The first club in the village played in the Lanarkshire Cup from 1883 to 1888, and a junior club (the Wanderers) was active from 1891 until 1922. The instant club sprung out of another junior club, simply called Longriggend, in 1897 to enter senior football, being drawn in the Scottish Qualifying Cup before it had even joined the Lanarkshire Association. Somewhat against expectation the club beat the 1st Argyll and Sutherland Highlanders F.C. in the first round, but lost 3–0 to Albion Rovers in the second round, after which the club was indeed accepted into the Lanarkshire FA without opposition.

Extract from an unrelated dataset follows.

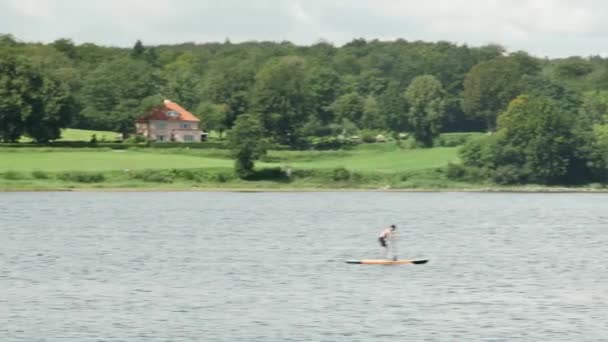 Flensburg Saksa Elokuuta 2023 Näkymä Ohikulkevasta Laivasta Metsän Rantaan Urheilija — kuvapankkivideo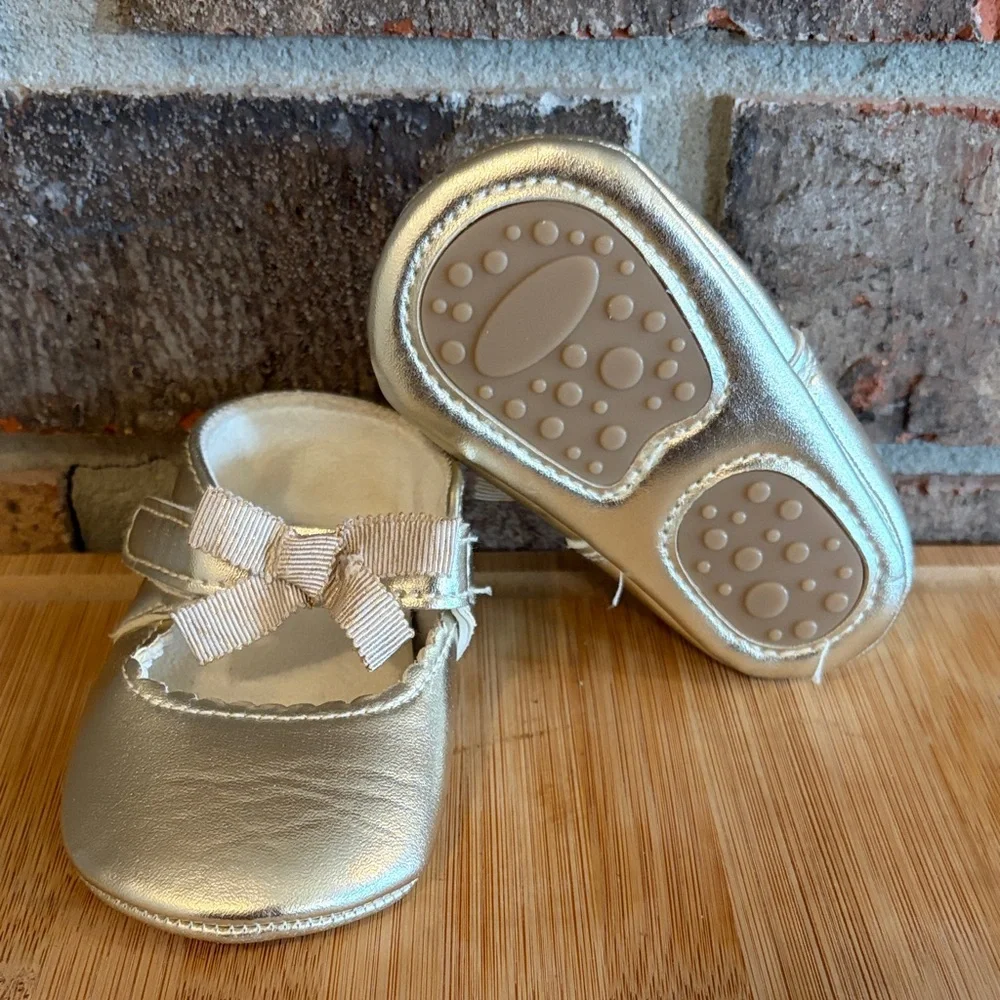 Gold Baby Shoes - Picture 3 of 3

The club's first tilt at the Lanarkshire Cup that season ended at the first time of asking, with a predictable 5–1 loss at the Cup holders Airdrieonians, the home side taking matters "somewhat easily". That put Longriggend into the Consolation Cup (also known as the Coatbridge Express Cup after its sponsor), and, after a surprise replay win over Wishaw Thistle and a walkover when Royal Albert decided against the expense of a trip to Longriggend, found itself in the final, against Albion Rovers at Broomfield Park. To even greater surprise, Longriggend's "strong, bustling" style harassed the Rovers out of their game, and Longriggend took the trophy with a 3–1 win.

However the success had a deleterious effect on the club as its players were now ripe for poaching. For 1898–99 goalkeeper Hunter was enticed away by Albion Rovers and others had "scattered themselves far and wide", resulting in it scratching from the Qualifying and Lanarkshire Cups.

Although the club made tentative approaches to reverting to junior football in 1899, it remained a senior club, and fell one round short in the Qualifying Cup of making the Scottish Cup proper. After wins over Glasgow University and East Lanarkshire in a "very hard game", Longriggend lost 1–0 to Wishaw, and protested in vain about the eligibility of one of its players.

The club never got so close again, losing in the first round of the Qualifying Cup in the next two seasons to Carfin Emmet, the journey to and from the village of Carfin taking four hours by brake, and the scant gate ensuring the clubs only shared £5 gate money - less expenses. A win over Lanark in the Lanarkshire Cup in 1900–01, given the degraded nature of the senior game, put the club in the semi-final, against Motherwell. The game was a "tousy" affair, with Motherwell arriving at 'Riggend late, Motherwell losing Shields to injury soon after the start and Watt soon after the break, and Wilson (of the Fir Parkers) and Ure (of 'Riggend) were sent off for fighting. The loss of Ure proved pivotal, as Longriggend went from 1–0 up to 3–1 down, but referee Allison of Paisley ended the game early because of bad light, or "apparently scared at the jeering of the spectators". The tie was re-played, and again ended 3–1 to Motherwell, although this time the match was in much better temper.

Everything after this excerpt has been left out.